C: It is reducing the stress and pressure of a company trying to figure this out on their own. We have been in “the field” so we know how a creative team functions. If someone asked me to set up an accounting department I would know some general titles, but I would not be confident. We help alleviate this vagueness and knowledge gap by applying our expertise with creative roles and teams.

K: The companies we’ve worked with have found a lot of value in the foresight. They want to hire marketing people to execute a business plan, but don’t always understand what kind of marketing people they need to execute their plan. Which brings us back to saving time, money, and frustration.

C: Especially now that creative, social, online, retail and marketing has become so complex–people don’t even know what they need. It is important for someone to sit down and talk through it, to really figure out what they need. Because of the complexity and fast change that is going on right now, it is just going to keep getting more complex.

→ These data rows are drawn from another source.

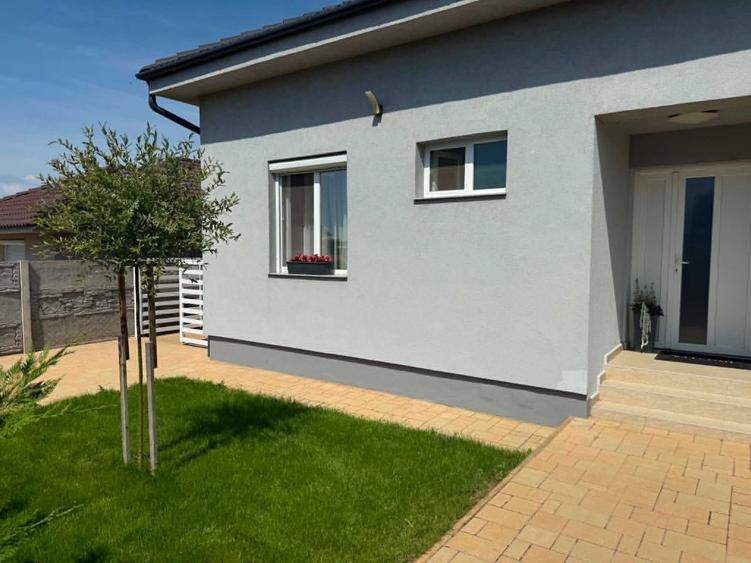 Casă cu 4 camere în Oncea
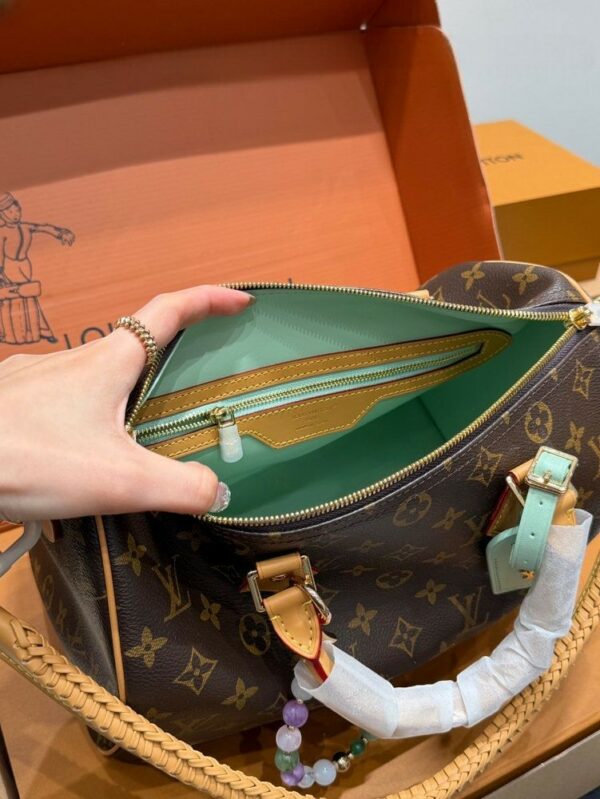 Stylish Fashion Carry Bag L5315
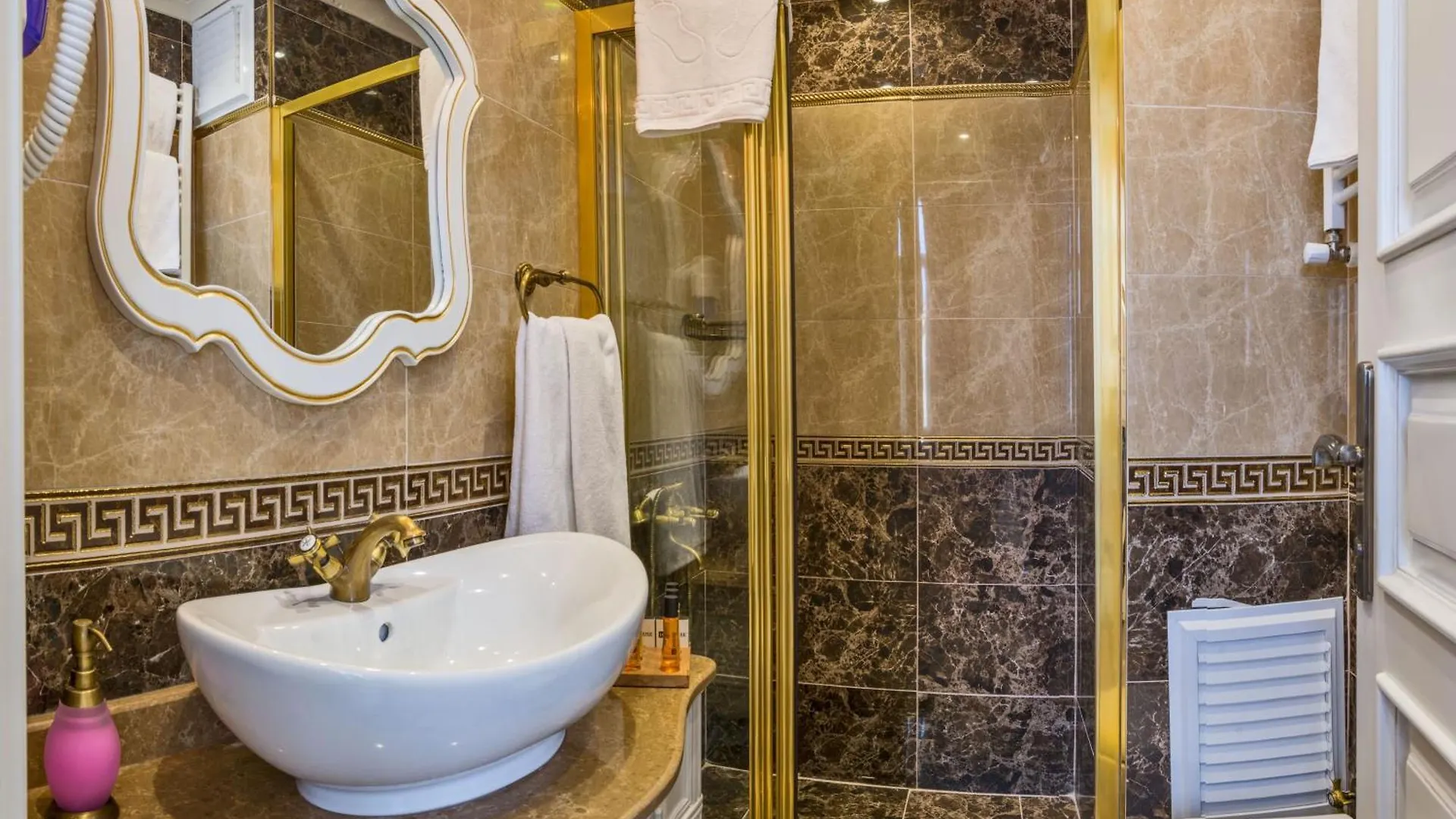 Iq Hotel Istanbul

What are some common hiring mistakes Workforce Planning can help avoid?

C: Knowing what you need and for how long is important. If you know who is needed on your team consistently, then you can bring in additional people with certain skills or specializations for one-off or multiple projects. For example, if you update your website once a year, you probably don’t need a full-time Web Developer.

K: By planning ahead you’ll know if there is more work that person can take on or morph into. If it’s really just a short-term need, you can bring someone in to do that project and not add an employee to your team.

C: Another issue we see is job descriptions where the role is a mash-up of several different skill sets and needs. By identifying how much each of those skills is needed you can figure out who you should be part of your internal team, and hire the rest as-needed for projects. It is figuring out what the company needs day-to-day as opposed to trying to find a jack-of-all-trades and relieving the frustration of trying to find this hybrid person that does not exist.

K: We also see companies who are using a lot of outside resources. As they grow they often want to start doing more of their marketing and execution work internally, perhaps reserving outside firms or consultants for strategy or larger projects. But they’re not experts in creative hiring and don’t know which roles or skills they need for an internal team.

What makes Portfolio Creative an expert on Workforce Planning?

K: Why us? This really ties back to all our years of experience. We’ve been helping people fill creative roles and build creative teams for 13+ years now. This is just another way to utilize all of the experience we have. We have a respected level of expertise in the creative space that other companies don’t have, and we can bring that to people.

C: Back to what we said before…we have always done this work with our clients. We have always been more than a firm that just puts a person in a seat. We want to have a discussion about it, get the right person in there, and make sure it is someone who is going to be helpful to you in the future too, not just today.